Looking for Water

September 1st, 2000 - September 1st, 2001

Categories: VR Art

About

In this networked virtual environment, the user perspective begins in outer space, surrounded by sun and Earth images based on real-time satellite information, than falls to Earth and lands on a northern Lake Michigan archipelago of islands. While exploring these islands, from Death’s Door to the Garden Peninsula, the participants share a watery experience.

The satellite images are an animation of actual Earth and sun weather data collected over months using the web. The images are refreshed daily to form a 3D visual history. The 3D models of the archipelago of islands are based on video images taken while kayaking. The 3D information has been extracted from the moving video images to allow participants to move about and explore these worlds. In the end, the world dissolves into moving water.

Daniel J. Sandin is director of the Electronic Visualization Laboratory (EVL) and a professor in the School of Art and Design at the University of Illinois at Chicago (UIC). His early interest in real-time computer graphics / video image processing and interactive computing environments motivated his pioneering work in video synthesizers and continues to influence his research interests.

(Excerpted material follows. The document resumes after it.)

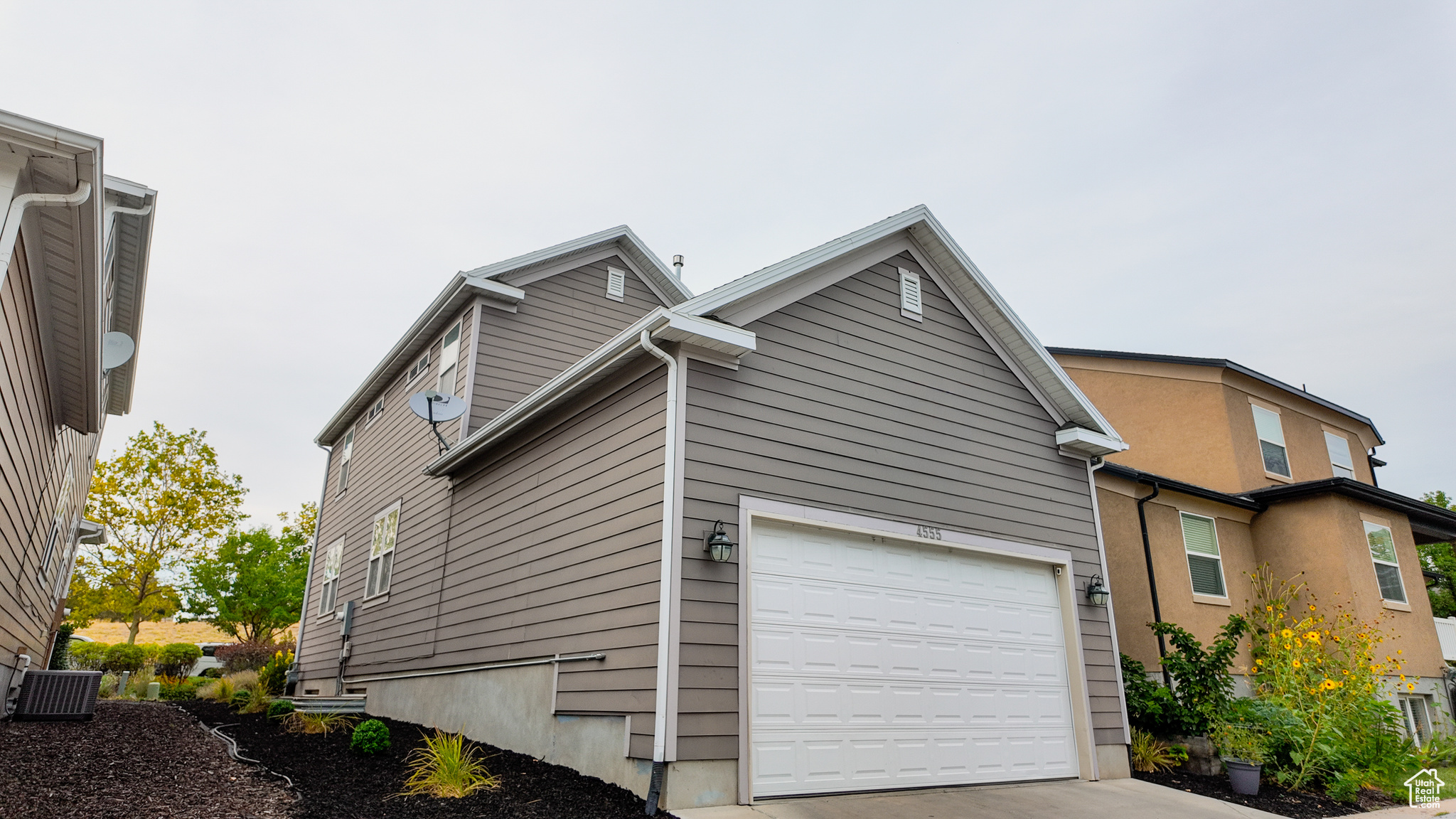 4555 W OPEN HILL DR.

Sandin’s research interests include: virtual environments, digital libraries, scientific visualization, new methodologies for informal science and engineering education, paradigms for information display, televisualization (distributed graphics over networks), algorithm optimization for massively parallel computing, sonification, human / computer interfaces, and abstract mathematical visualization. He is receiving recognition, along with EVL co-director Tom DeFanti, for conceiving the CAVE virtual reality theater in 1991.

Sandin’s computer / video art has been exhibited at conferences and museums worldwide, and he has received many awards. Sandin has received grants and fellowships from such distinguished organizations as the Rockefeller Foundation, the Guggenheim Foundation, and the National Endowment for the Arts; and, his work is included in the inaugural collection of video art at the Museum of Modern Art in New York.

Recent virtual reality works include Poverty Island and Gallery of Motions.